_INSTRUCTIONS TO FOLLOW_
Reproduce exactly the lines that run from the start of the records below to the line with "Chick（チック）の「Chin Strap Faux", inclusive.

Scraped caption text data:
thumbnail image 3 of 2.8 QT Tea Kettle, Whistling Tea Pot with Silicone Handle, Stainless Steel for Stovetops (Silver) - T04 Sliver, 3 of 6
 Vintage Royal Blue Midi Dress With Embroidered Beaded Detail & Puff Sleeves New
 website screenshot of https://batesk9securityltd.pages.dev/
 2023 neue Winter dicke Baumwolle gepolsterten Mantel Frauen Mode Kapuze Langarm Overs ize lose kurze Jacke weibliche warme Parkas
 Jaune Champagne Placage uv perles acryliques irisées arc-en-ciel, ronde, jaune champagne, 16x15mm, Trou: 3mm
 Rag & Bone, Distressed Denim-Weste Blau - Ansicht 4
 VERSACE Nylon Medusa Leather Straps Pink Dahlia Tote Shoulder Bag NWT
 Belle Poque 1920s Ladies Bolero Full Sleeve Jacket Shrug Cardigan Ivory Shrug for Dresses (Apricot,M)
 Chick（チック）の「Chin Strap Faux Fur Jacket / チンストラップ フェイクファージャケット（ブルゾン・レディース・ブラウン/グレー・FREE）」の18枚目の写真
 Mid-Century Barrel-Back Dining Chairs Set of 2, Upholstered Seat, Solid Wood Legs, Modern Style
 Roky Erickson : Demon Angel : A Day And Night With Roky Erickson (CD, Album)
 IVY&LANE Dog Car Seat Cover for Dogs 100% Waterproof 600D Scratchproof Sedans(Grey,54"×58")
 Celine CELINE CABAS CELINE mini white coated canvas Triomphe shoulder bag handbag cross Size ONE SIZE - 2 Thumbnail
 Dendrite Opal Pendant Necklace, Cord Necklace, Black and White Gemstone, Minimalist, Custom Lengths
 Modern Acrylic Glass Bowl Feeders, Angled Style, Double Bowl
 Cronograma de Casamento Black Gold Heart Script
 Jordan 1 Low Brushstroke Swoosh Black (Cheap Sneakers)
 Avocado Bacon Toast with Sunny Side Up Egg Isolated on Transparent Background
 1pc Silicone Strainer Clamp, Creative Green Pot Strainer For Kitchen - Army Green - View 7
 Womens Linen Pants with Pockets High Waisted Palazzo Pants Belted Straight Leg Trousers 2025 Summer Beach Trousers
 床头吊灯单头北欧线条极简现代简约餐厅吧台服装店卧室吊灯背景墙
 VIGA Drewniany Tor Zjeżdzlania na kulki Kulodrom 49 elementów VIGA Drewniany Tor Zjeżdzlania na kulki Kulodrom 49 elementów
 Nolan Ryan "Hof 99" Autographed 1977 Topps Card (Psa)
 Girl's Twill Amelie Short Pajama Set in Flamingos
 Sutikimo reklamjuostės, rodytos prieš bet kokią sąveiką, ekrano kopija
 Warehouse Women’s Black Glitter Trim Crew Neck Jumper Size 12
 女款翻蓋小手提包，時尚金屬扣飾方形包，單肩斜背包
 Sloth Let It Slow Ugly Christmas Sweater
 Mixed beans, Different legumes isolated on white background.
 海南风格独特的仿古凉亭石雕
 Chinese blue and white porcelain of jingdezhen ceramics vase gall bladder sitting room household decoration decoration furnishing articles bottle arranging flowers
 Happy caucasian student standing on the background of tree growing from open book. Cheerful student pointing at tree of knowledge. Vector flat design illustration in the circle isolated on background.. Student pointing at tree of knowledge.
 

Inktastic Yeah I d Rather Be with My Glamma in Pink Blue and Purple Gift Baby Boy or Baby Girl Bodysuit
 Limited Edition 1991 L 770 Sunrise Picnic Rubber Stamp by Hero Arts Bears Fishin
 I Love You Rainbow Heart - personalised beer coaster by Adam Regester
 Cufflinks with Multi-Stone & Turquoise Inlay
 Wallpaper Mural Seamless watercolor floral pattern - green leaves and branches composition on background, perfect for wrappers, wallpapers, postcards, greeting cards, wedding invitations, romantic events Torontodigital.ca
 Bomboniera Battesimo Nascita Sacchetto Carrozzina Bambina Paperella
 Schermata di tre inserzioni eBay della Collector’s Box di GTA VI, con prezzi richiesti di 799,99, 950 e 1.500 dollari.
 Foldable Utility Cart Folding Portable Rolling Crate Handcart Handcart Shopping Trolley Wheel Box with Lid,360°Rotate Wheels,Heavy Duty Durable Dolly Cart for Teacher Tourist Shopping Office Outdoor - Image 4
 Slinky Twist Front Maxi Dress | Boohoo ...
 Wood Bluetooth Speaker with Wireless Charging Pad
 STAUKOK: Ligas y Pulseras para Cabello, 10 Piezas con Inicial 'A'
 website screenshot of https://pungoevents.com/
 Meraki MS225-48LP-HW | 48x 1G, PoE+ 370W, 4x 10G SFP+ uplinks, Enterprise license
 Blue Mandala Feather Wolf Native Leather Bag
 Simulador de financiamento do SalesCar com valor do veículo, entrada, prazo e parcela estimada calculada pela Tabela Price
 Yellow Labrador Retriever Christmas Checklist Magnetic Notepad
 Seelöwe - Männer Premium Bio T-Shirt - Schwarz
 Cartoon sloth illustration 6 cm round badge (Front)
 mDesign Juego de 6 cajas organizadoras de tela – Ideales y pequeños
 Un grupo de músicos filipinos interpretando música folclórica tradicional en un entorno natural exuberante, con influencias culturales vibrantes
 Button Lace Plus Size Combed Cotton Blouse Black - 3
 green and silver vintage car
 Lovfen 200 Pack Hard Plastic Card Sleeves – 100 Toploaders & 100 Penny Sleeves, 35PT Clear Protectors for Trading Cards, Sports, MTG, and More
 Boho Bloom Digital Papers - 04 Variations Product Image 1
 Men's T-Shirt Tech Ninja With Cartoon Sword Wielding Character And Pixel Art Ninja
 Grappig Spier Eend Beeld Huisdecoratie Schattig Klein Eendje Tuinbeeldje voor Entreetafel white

_WRITTEN REPLY_
thumbnail image 3 of 2.8 QT Tea Kettle, Whistling Tea Pot with Silicone Handle, Stainless Steel for Stovetops (Silver) - T04 Sliver, 3 of 6
 Vintage Royal Blue Midi Dress With Embroidered Beaded Detail & Puff Sleeves New
 website screenshot of https://batesk9securityltd.pages.dev/
 2023 neue Winter dicke Baumwolle gepolsterten Mantel Frauen Mode Kapuze Langarm Overs ize lose kurze Jacke weibliche warme Parkas
 Jaune Champagne Placage uv perles acryliques irisées arc-en-ciel, ronde, jaune champagne, 16x15mm, Trou: 3mm
 Rag & Bone, Distressed Denim-Weste Blau - Ansicht 4
 VERSACE Nylon Medusa Leather Straps Pink Dahlia Tote Shoulder Bag NWT
 Belle Poque 1920s Ladies Bolero Full Sleeve Jacket Shrug Cardigan Ivory Shrug for Dresses (Apricot,M)
 Chick（チック）の「Chin Strap Faux Fur Jacket / チンストラップ フェイクファージャケット（ブルゾン・レディース・ブラウン/グレー・FREE）」の18枚目の写真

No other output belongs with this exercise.